# Remington 597 >17 HMR



## bore_pig (Nov 13, 2009)

http://www.remington.com/safety/17_HMR_Ammo_notice/default.asp

Maybe this is old news. I just found out about it yesterday. Anybody else have one? Think I might just keep shooting mine. With safety glasses of course!


----------



## tjbier (Nov 13, 2009)

Wonder what the ammo is doing? Anyone know?

Glad the Savage is a bolt + it's better that way!


----------



## ross_scott (Nov 14, 2009)

tjbier said:


> Wonder what the ammo is doing? Anyone know?
> 
> Glad the Savage is a bolt + it's better that way!



Bulged and split casesalong with the odd magazine box getting blown up. What is happening is the case is still in the firing stage as the bolt is being pushed back (firing out of battery)

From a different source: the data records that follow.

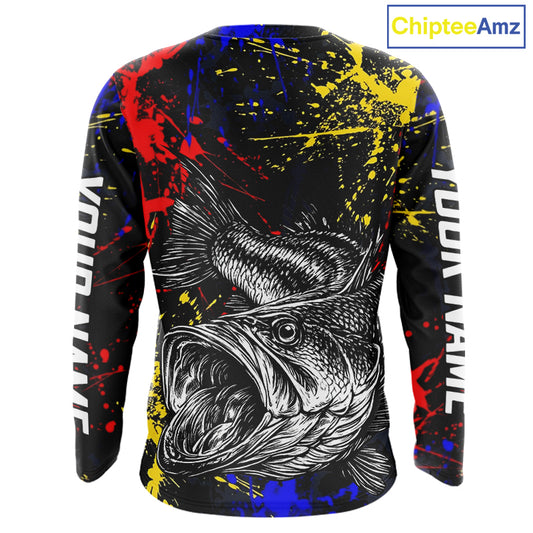 Colorful Paint Tattoo Bass Fishing Shirts Long Sleeve With Hood, Bass Fishing Jerseys NBT431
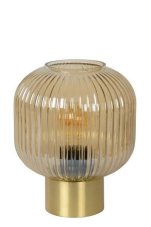 LUCIDE 45586/20/62 MALOTO stolová lampa Ø20cm E27/40W jantárová/zlatá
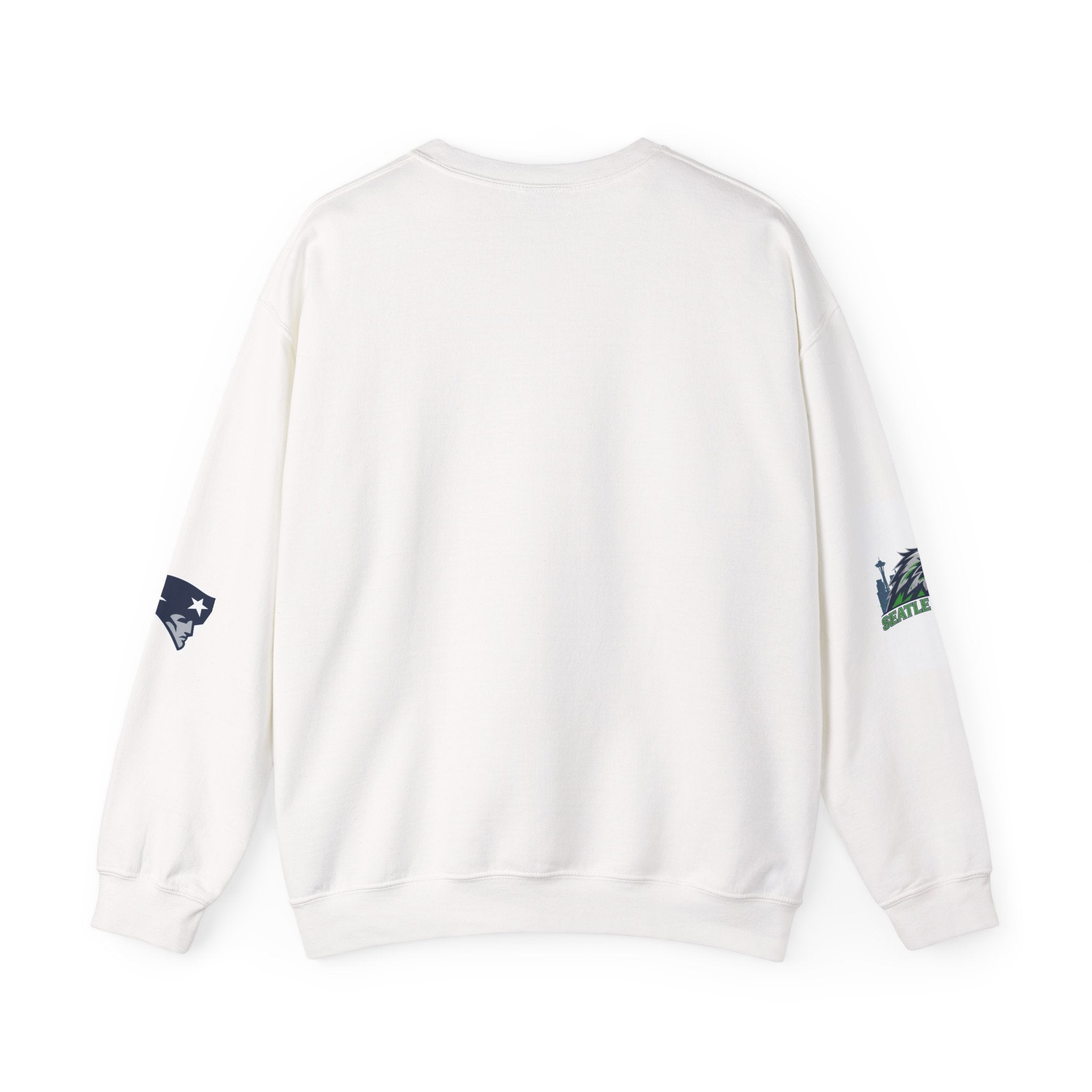 Crewneck Sweatshirt — Minimal NFL Sleeve Logos (Seahawks & Patriots)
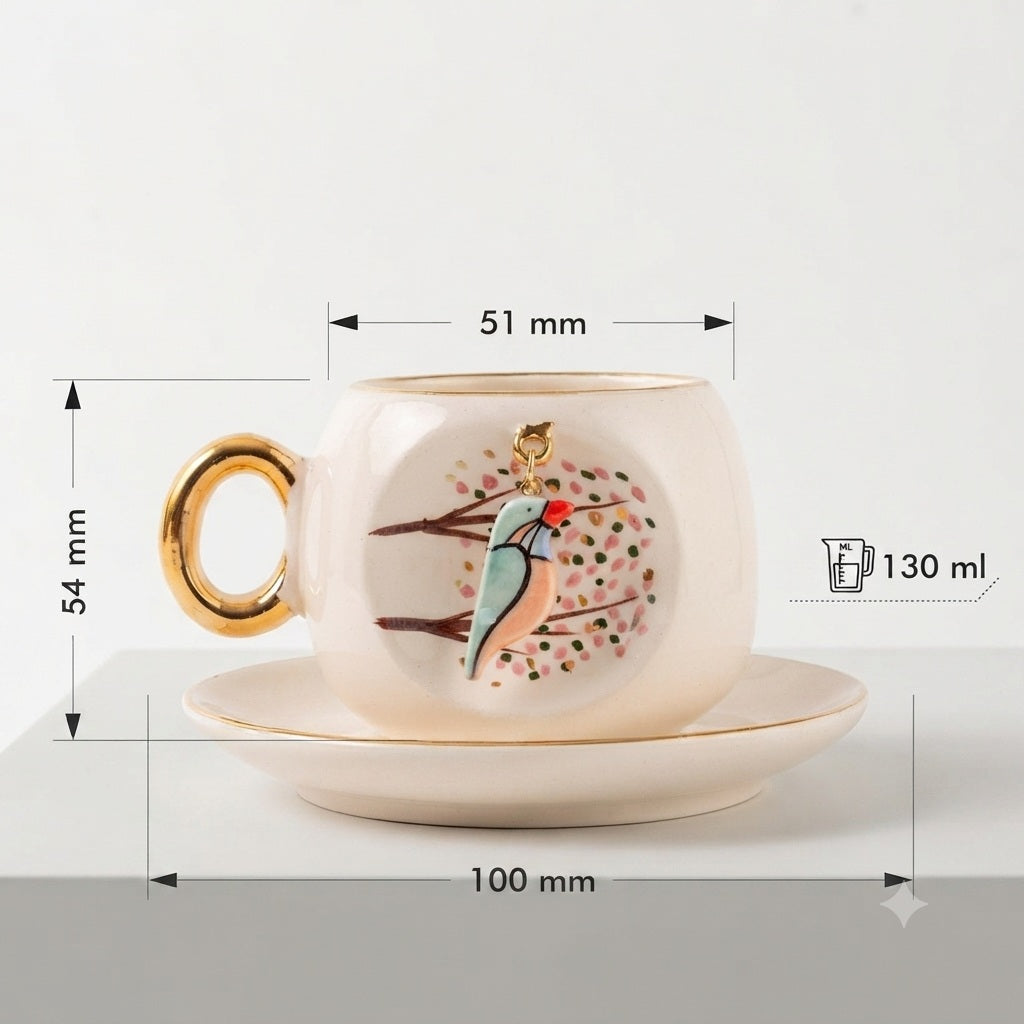 Porcelain coffee cup & saucer, white with gold handle and kingfisher print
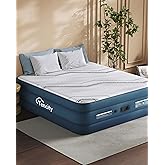 20” Tall Luxury Air Mattress with Quilted Foam Topper, Extra Firm Support with U-shaped PVC strap Inflatable Bed, Quiet & Comfortable Blow Up Bed for Home Guests, Camping, Travel, Fast Inflate AirBed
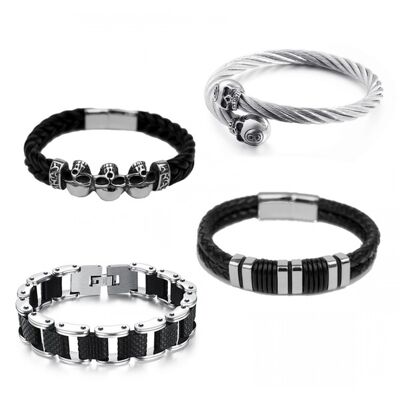 Bracelets en acier inoxydable | bracelets en cuir | noir | Lot de 4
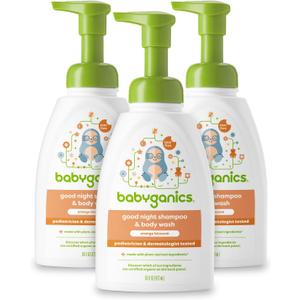 Babyganics Baby Shampoo + Body Wash Pump Bottle, Orange Blossom, Non-Allergenic and Tear-Free, 16 Fl Oz (Pack of 3), Packaging May Vary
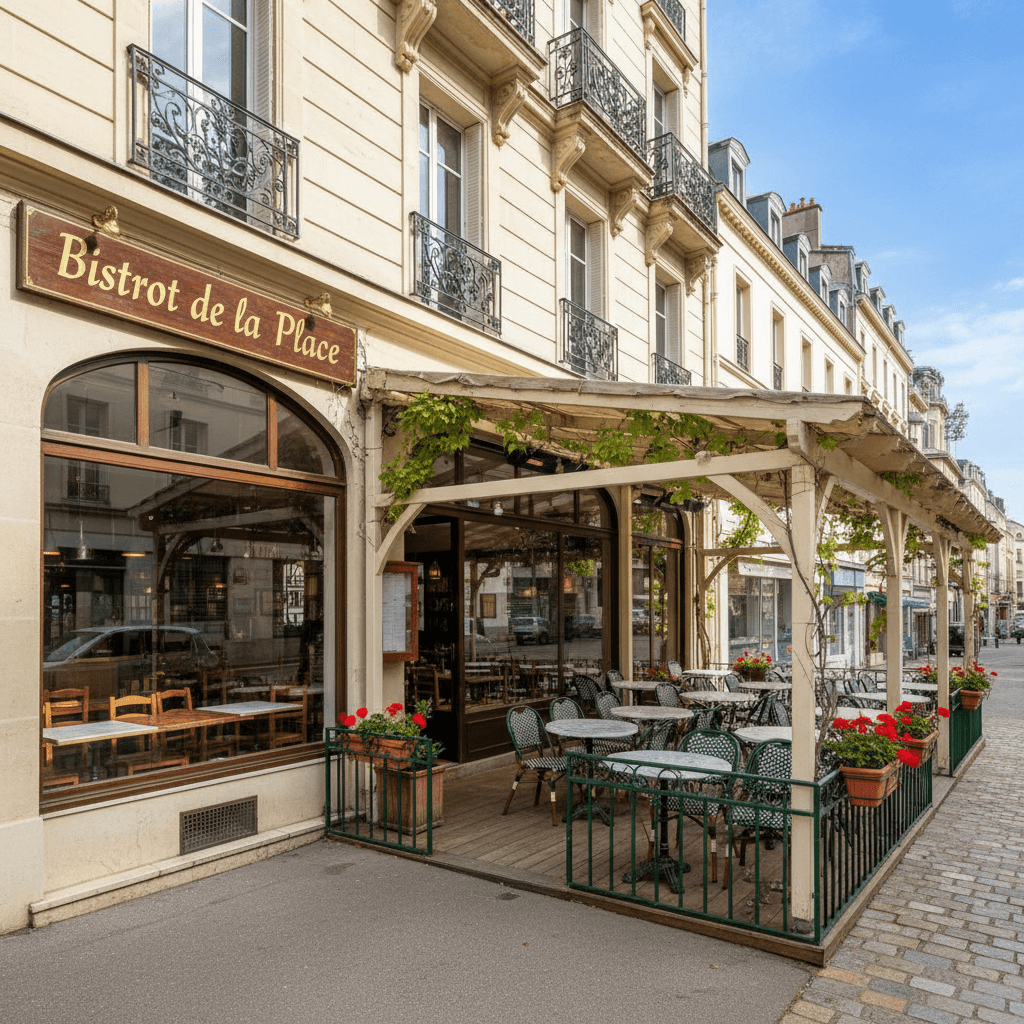 Restaurant 40 couverts à Villeurbanne : terrasse - extraction - Image 1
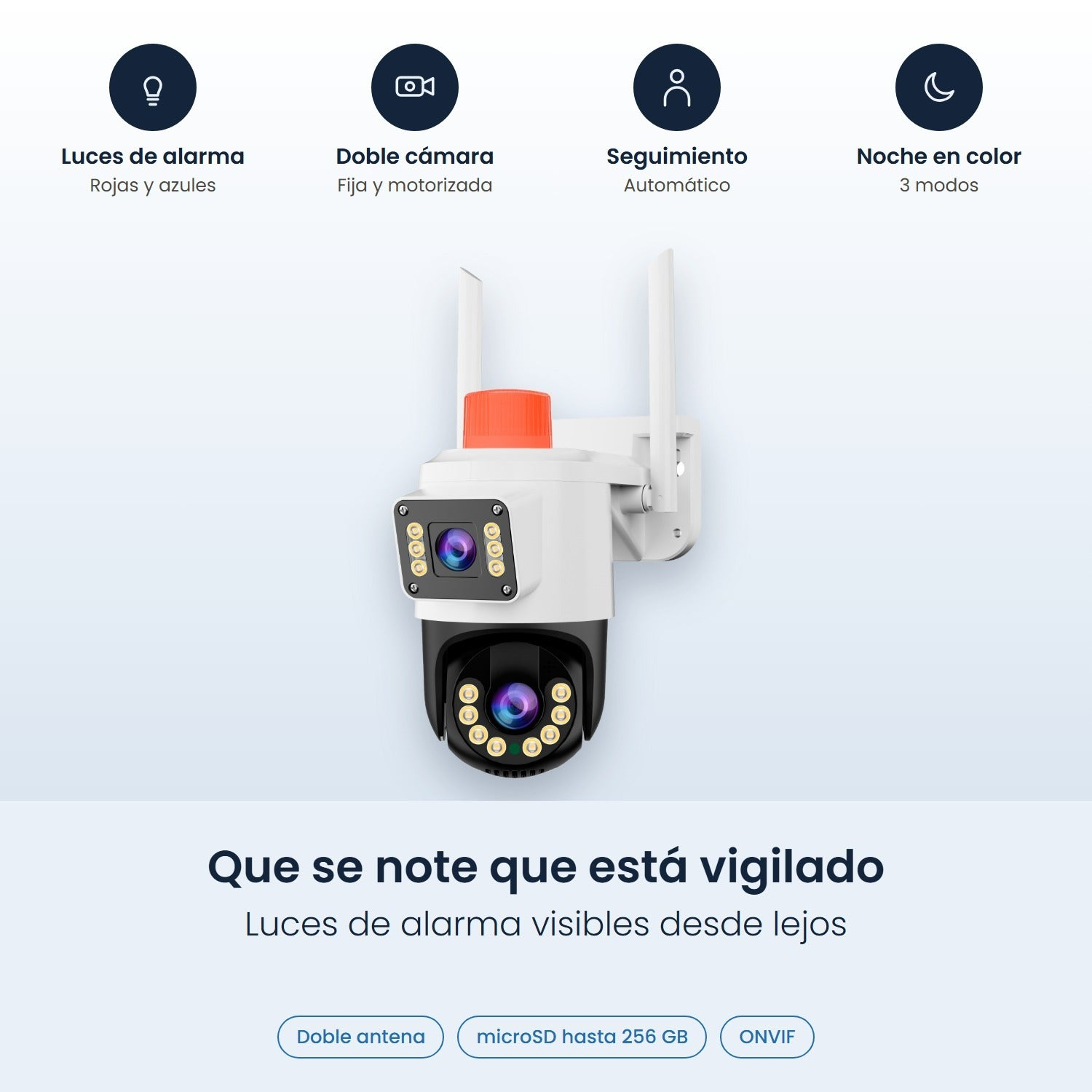 Cámara de vigilancia con doble lente, antenas y luces de alarma.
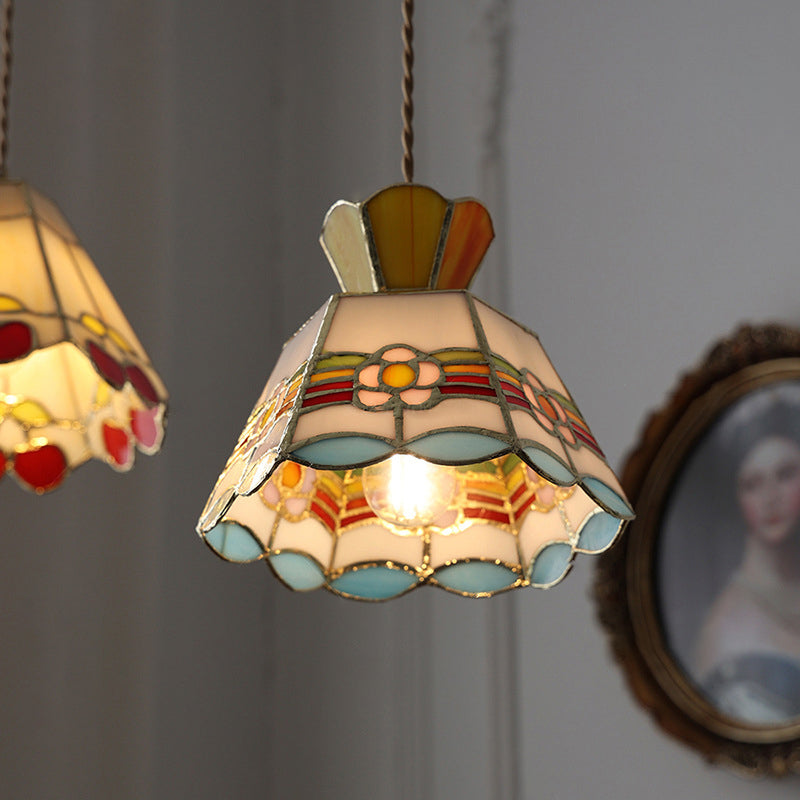 Contemporary Vintage Pentagonal Hexagonal Brass Glass 1-Light Pendant Light For Living Room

good example in the link below
http://www.fishnhunt.co.nz/forum/YaBB.cgi?num=1257135673

bore_pig I would not continue to use that semi .17 for the sake of safety and avoidance of personal injury. Those rifles have been recalled it is just a shame that they do not refund the amount you paid at the retailer


----------



## bore_pig (Nov 14, 2009)

You are correct about the case splitting and mag possibly getting damaged. It's my everyday gun. It rides on the wheeler with me. Cuts wood with me. (Sounds like my dog almost!) I have somewhere around 3 thousand rounds through it. No problems so far. I really don't want to put it away for good. They have no buyback on .22 WMR. Wonder why they don't offer a barrel exchange.


----------



## ross_scott (Nov 14, 2009)

bore_pig said:


> You are correct about the case splitting and mag possibly getting damaged. It's my everyday gun. It rides on the wheeler with me. Cuts wood with me. (Sounds like my dog almost!) I have somewhere around 3 thousand rounds through it. No problems so far. I really don't want to put it away for good. They have no buyback on .22 WMR. Wonder why they don't offer a barrel exchange.



There is no issue with the .22WMR due to the fact it is a lower pressured round therefore is having no issues with firing out of battery maybe you should look into rebarrelling to a .22WMR if it was me I would go with the recall and then look into a marlin bolt action in .17 after all remington now owns marlin


----------